Immigration, Extremism, and Existentialism

Life in the tiny town of Sumte, Germany, is about to become very different. The 105 residents of the remote and little-noticed Lower Saxony village will soon be joined by 500 of the millions of migrants who are heading to Europe from the Middle East, with another 250 scheduled to arrive soon after, so it is reasonable to expect that some significant changes are inevitable. The rest of the western world won’t be out-numbered seven-to-one within its own borders quite as soon, but it would still do well to consider the fate of Sumte.
It’s tough enough for a town of 105 people to suddenly accommodate another 750 or so in the best of circumstances, especially when it has no shops or schools or police stations and a limited amount of sewers and roads and other infrastructure, and such an influx of newcomers who do not speak German and practice a consequentially different religion and derive from countries with a culturally enforced hostility toward western values is by no means the best of circumstances. The German government, which one might well have thought had been created to protect the German way of life for its citizens, has reportedly told the people of Sumte that the only responses to the resettlement plans are “yes and yes,” and the rest of the western world suddenly seems faced with the same grim options. The people don’t much like it, in Sumte or pretty much anywhere else in the western world, but their supposedly democratic governments don’t seem to care. Throughout most of Europe’s officialdom, and among at least half of America’s political parties, and even among the American press that brought us the sad story of Sumte, the bigger worry seems to be that extremist nationalist parties might benefit from the inevitable discontent.
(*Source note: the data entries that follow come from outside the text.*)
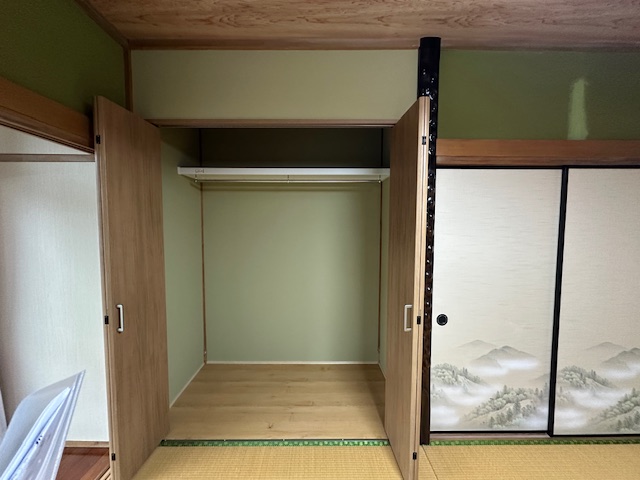 クローゼット内部に枕棚とパイプハンガーを設置した施工後の様子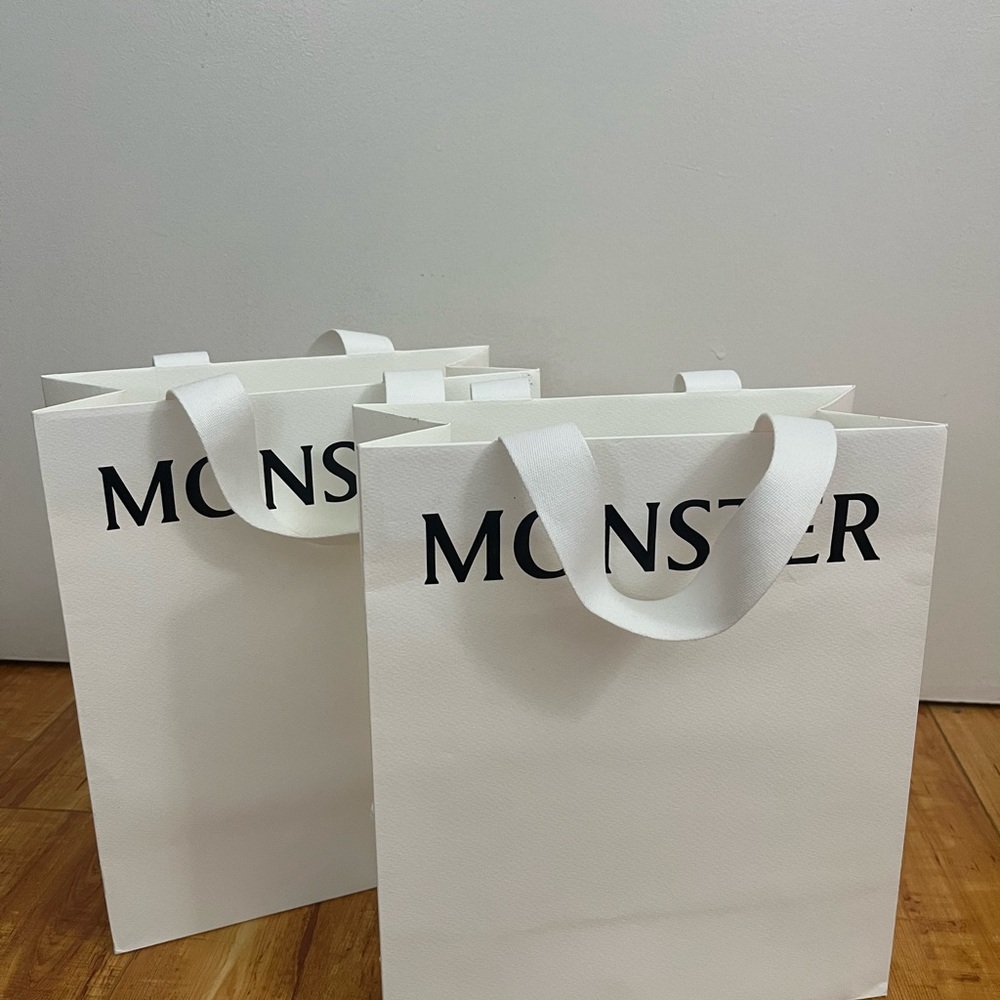 GENTLE MONSTER Shopping Bags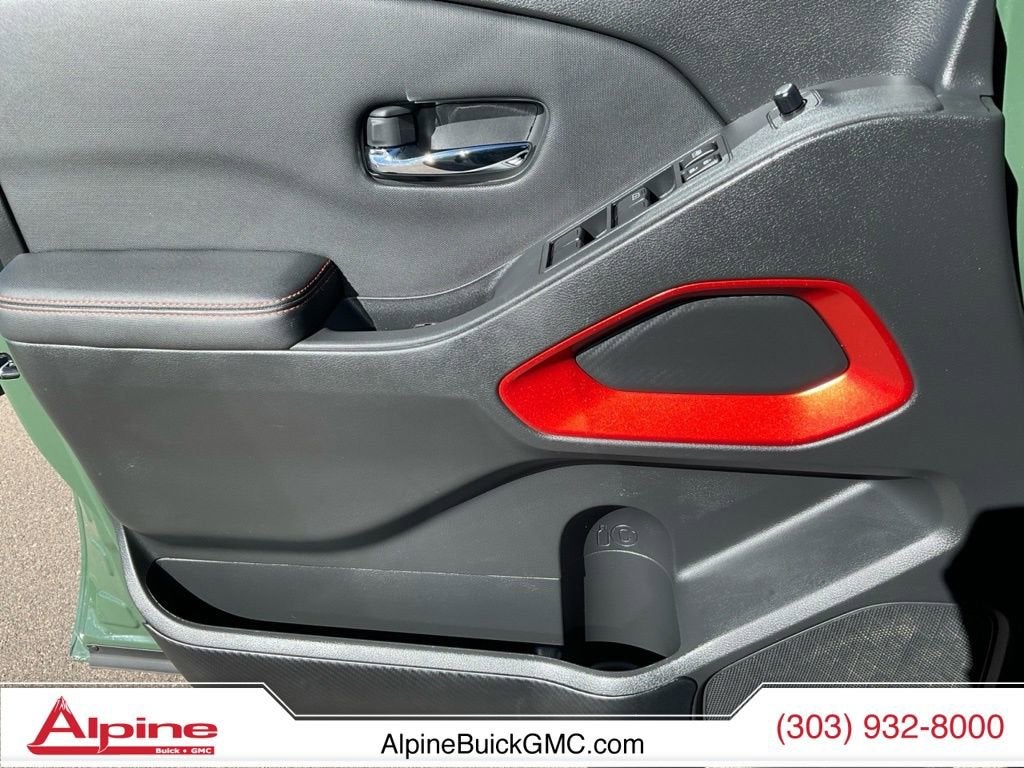 2024 Nissan Frontier Crew Cab PRO-4X 4x4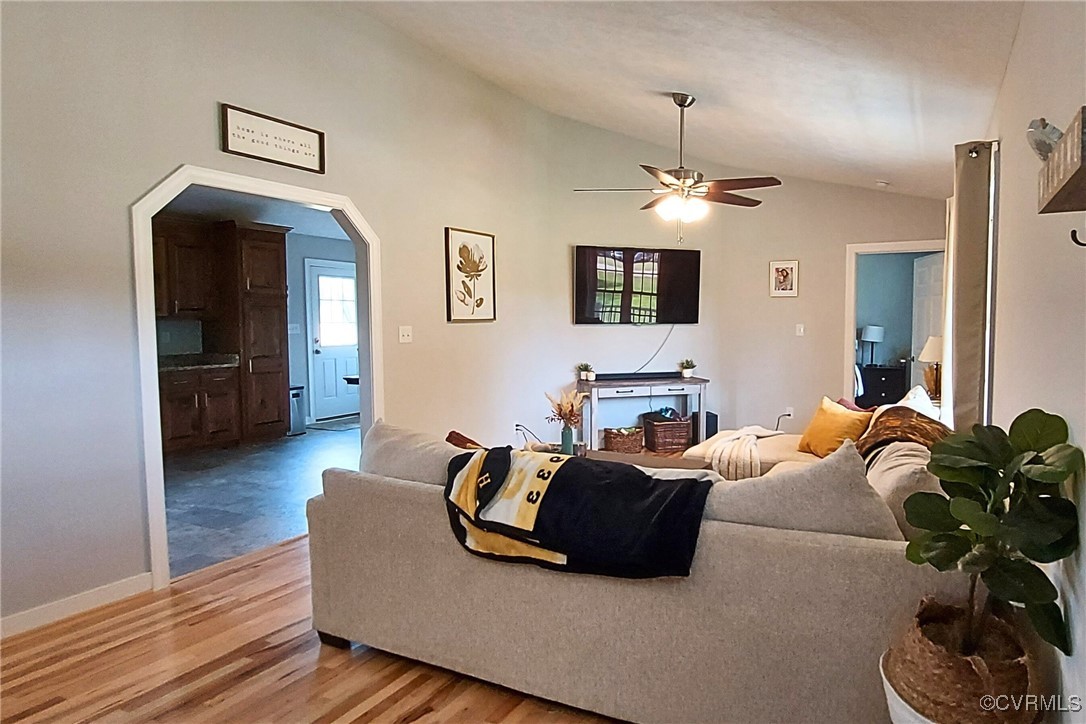 563 Mussel Swamp Road Tappahannock, VA 22560 - Photo 3 of 26 Gallery Image 3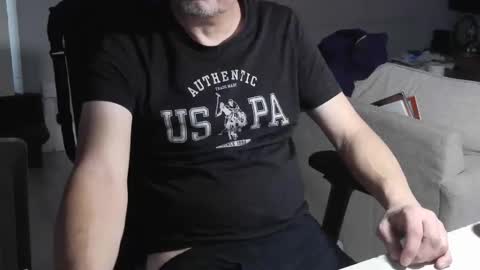 mark50569 online show from April 18, 3:12 pm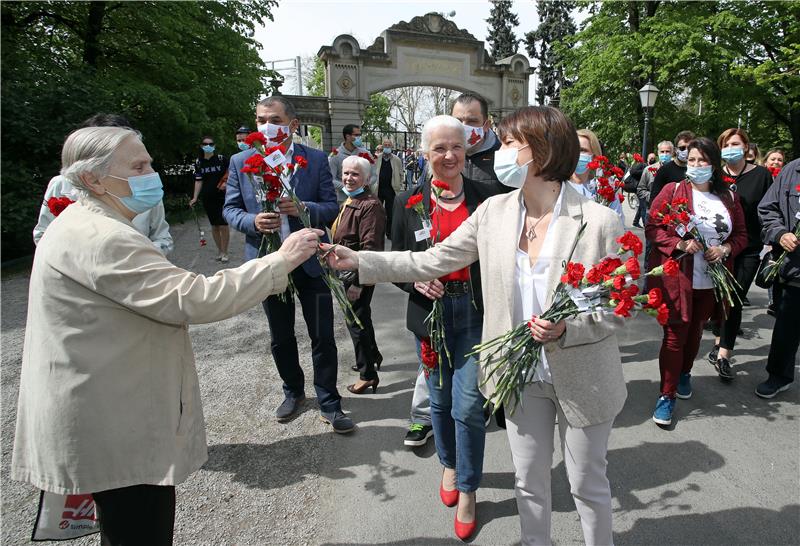 Pavičić Vukičević dijelila karanfile na ulazu u Maksimir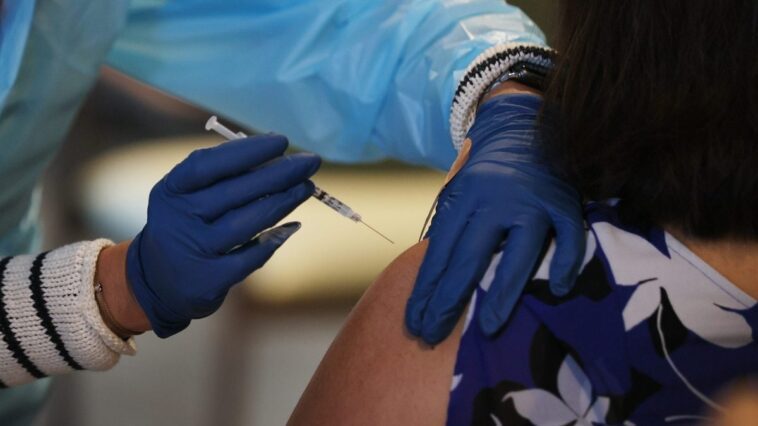 Les vaccins sont sûrs, AIFA : « Réactions graves dans 0,003 % des cas sur 19 millions de doses » 1 Image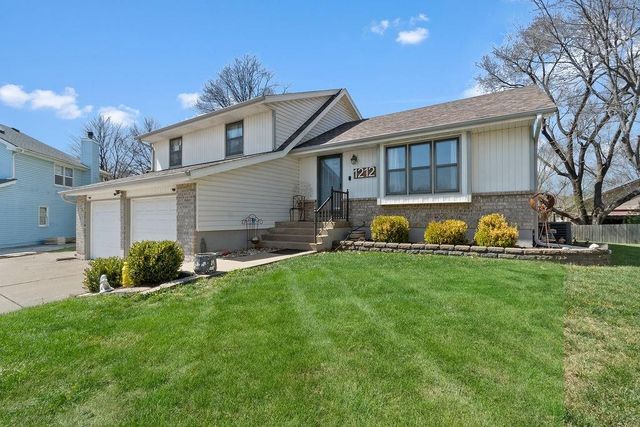 1212 Breckenridge Court, Blue Springs, MO 64015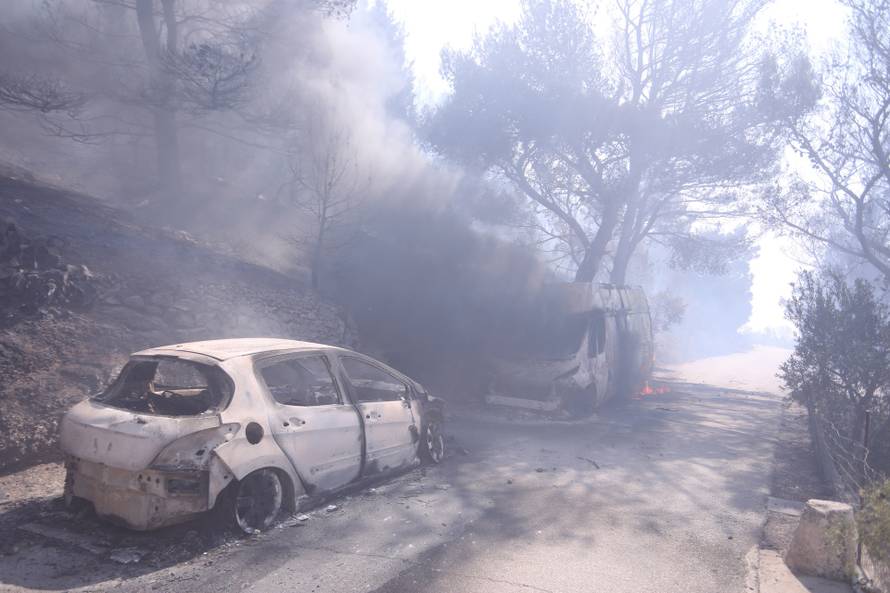 Pisak: Izgorjeli automobili u požaru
We’re at least somewhat sympathetic to the concern regarding Germany, where extremist nationalist parties have proved so very bellicose over the past century, although even there we’re inclined to feel sorry for the Sumteans, but we wonder why Sweden and Great Britain and Denmark and other countries that have less troublesome histories should be similarly guilt-ridden. The sudden surge of migrants asking for the generous welfare benefits of Scandinavia, long the envy of America’s liberals and the role model for the surging insurgent Democratic presidential campaign of self-described and Vermont Sen. Bernie Sanders, suddenly has those far-right crazies popping up even there. Even in the United States those Republicans have gone so extremist as to oppose mass immigration, with the same appalled reaction from the respectable press and the more respectable members of both major parties, and there is the same glaring gap between the opinion of the populace and that of its elected officials. Almost nowhere in the western world are the governments acting to defend the western civilization that its people have grown accustomed to, whether the populace prefers it because of racism and xenophobia and chauvinism or the same objectively valid reasons that have caused millions of people from the Middle East to migrate to the west, which also seems worrisome.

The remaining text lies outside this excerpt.